(Exercise aim): All entries need to be written out verbatim, with pictures omitted.

━━━━━ Stored data

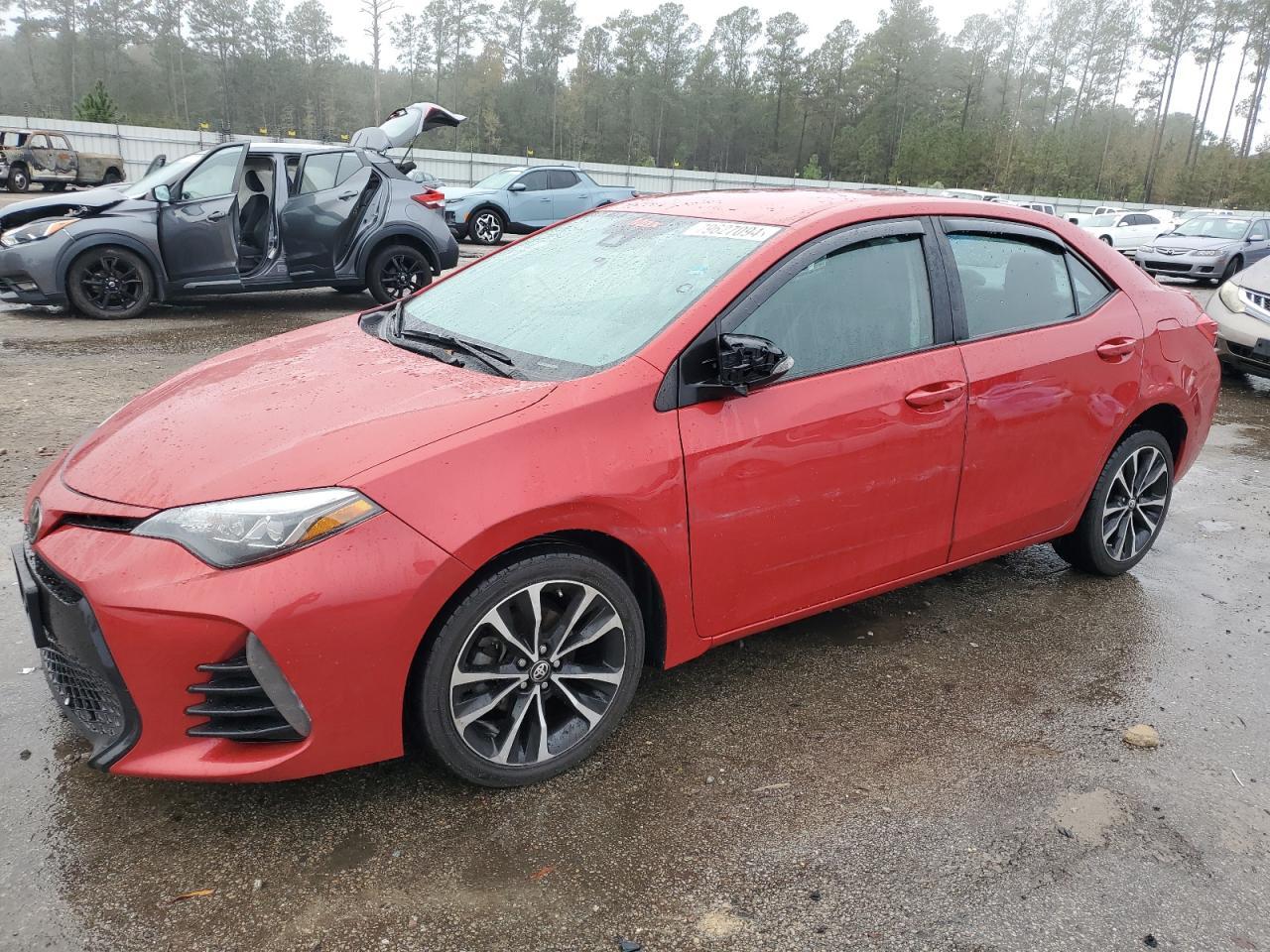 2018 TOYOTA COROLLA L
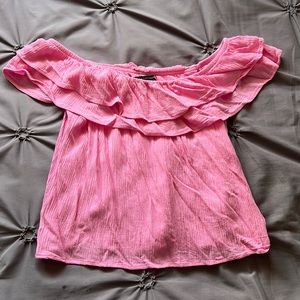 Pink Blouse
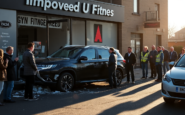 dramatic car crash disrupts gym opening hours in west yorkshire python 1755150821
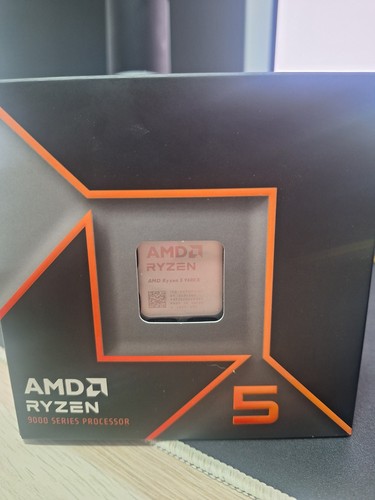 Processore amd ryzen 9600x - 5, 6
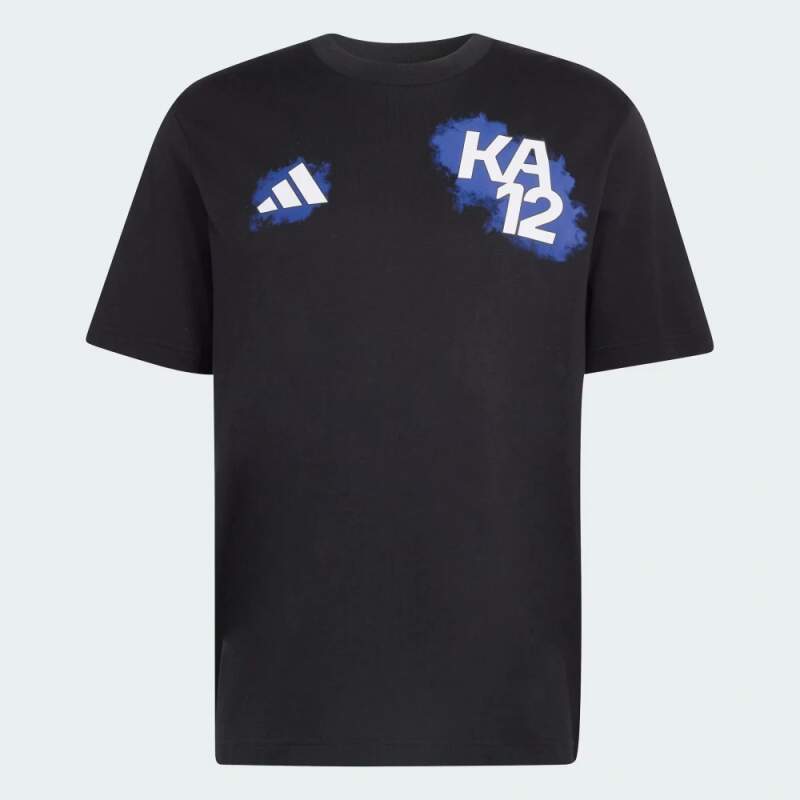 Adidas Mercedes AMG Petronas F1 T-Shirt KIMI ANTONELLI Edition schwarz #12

━━━━━━━━━━

(Your solution):
 2018 TOYOTA COROLLA L
 Pink Blouse
 dramatic car crash disrupts gym opening hours in west yorkshire python 1755150821
 Processore amd ryzen 9600x - 5, 6
 Adidas Mercedes AMG Petronas F1 T-Shirt KIMI ANTONELLI Edition schwarz #12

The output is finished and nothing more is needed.